(Stored data):
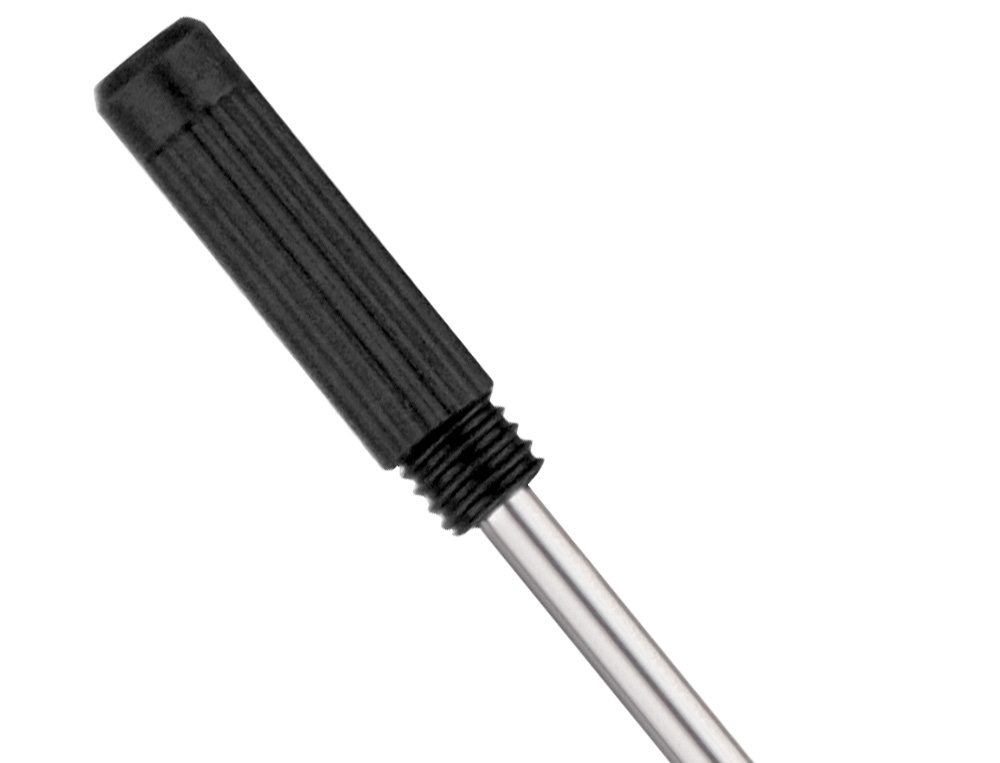 RECHARGE STYLO-BILLE BELIUS ENCRE COLORIS NOIRE BOITE 3   UNITES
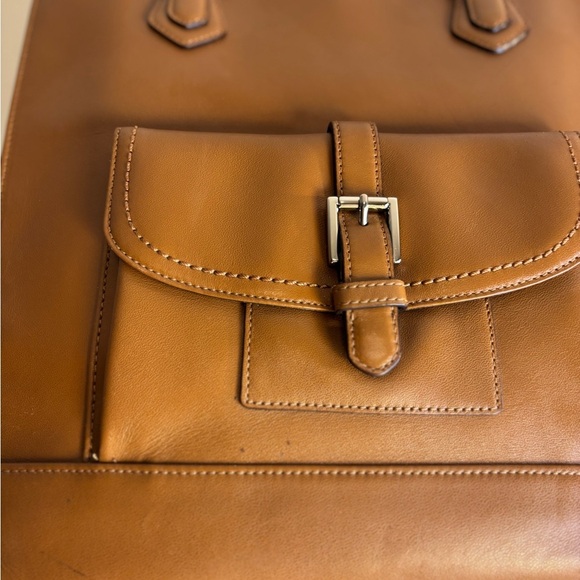 Coach Cognac Leather Charlie Tote Bag - Picture 4 of 16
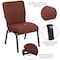 Flash Furniture Advantage 20.5 in. Cinnamon Molded Foam Church Chair PCCF-107 - alternate 9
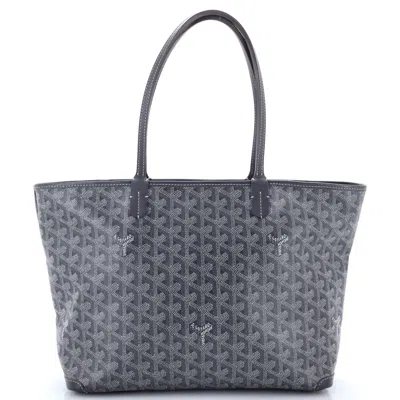 Goyard Artois Tote Coated Canvas Pm In Gray
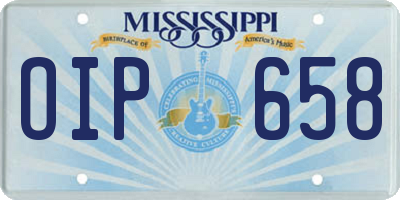 MS license plate OIP658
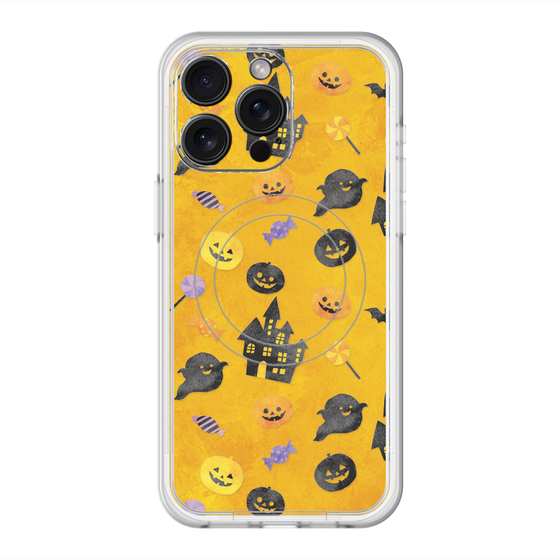 スリムプロテクションプレミアムケース with MagSafe［ Halloween Party - Orange ］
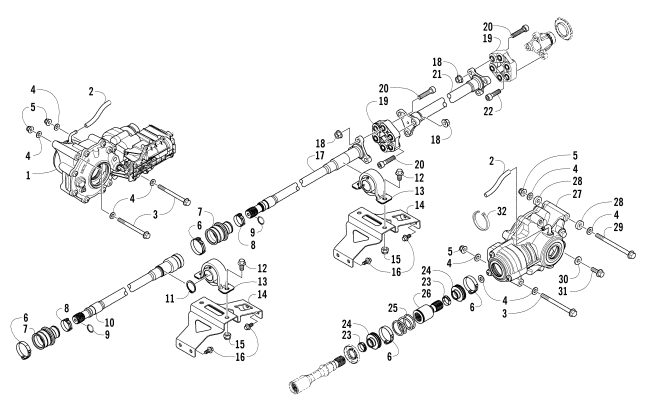 DRIVE TRAIN ASSEMBLY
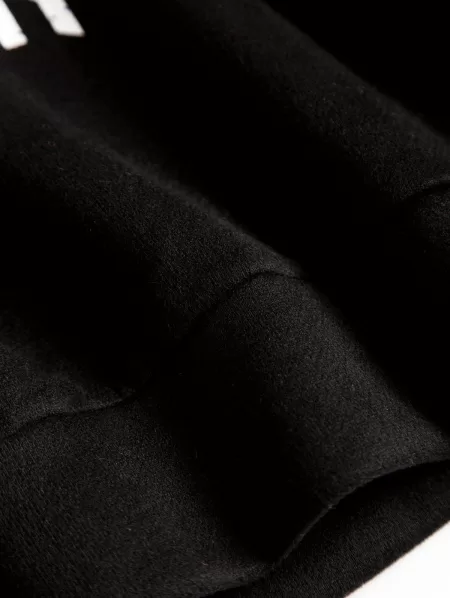 Christmas Santa Claus Letter Fleece Lined Hoodie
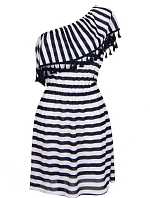Dámské šaty Havana 49351 pruhované - Lisca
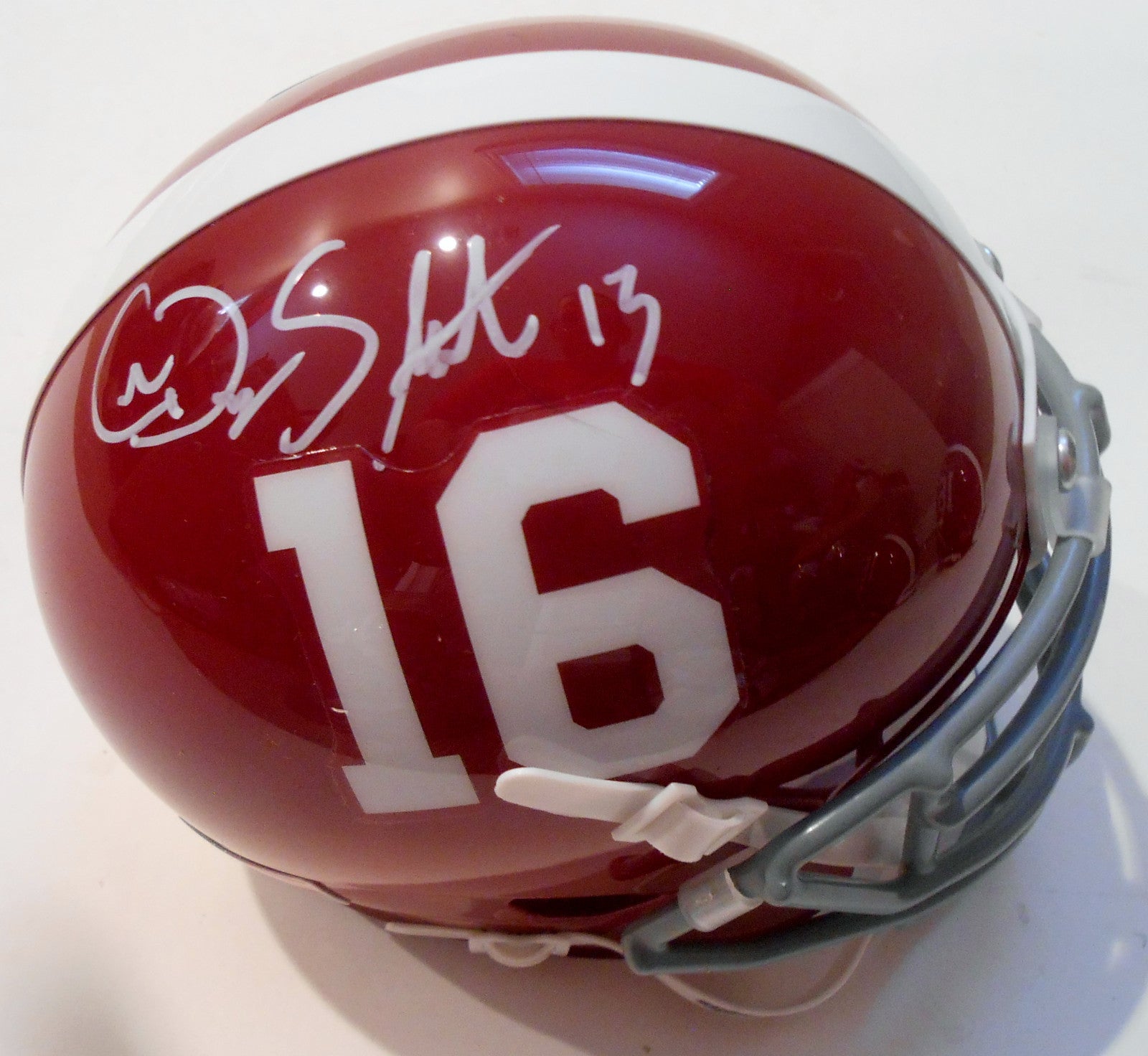 Ardarius Stewart Signed Alabama Crimson Tide Mini Helmet w/COA Roll Tide C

(Work instructions): Leaving every picture aside, transcribe exactly the lines from the one that contains "MS license plate OIP658" through the final line of the listing above, inclusive.

(Exercise response):
 MS license plate OIP658
 スリムプロテクションプレミアムケース with MagSafe［ Halloween Party - Orange ］
 DRIVE TRAIN ASSEMBLY
 Christmas Santa Claus Letter Fleece Lined Hoodie
Dámské šaty Havana 49351 pruhované - Lisca
 Ardarius Stewart Signed Alabama Crimson Tide Mini Helmet w/COA Roll Tide C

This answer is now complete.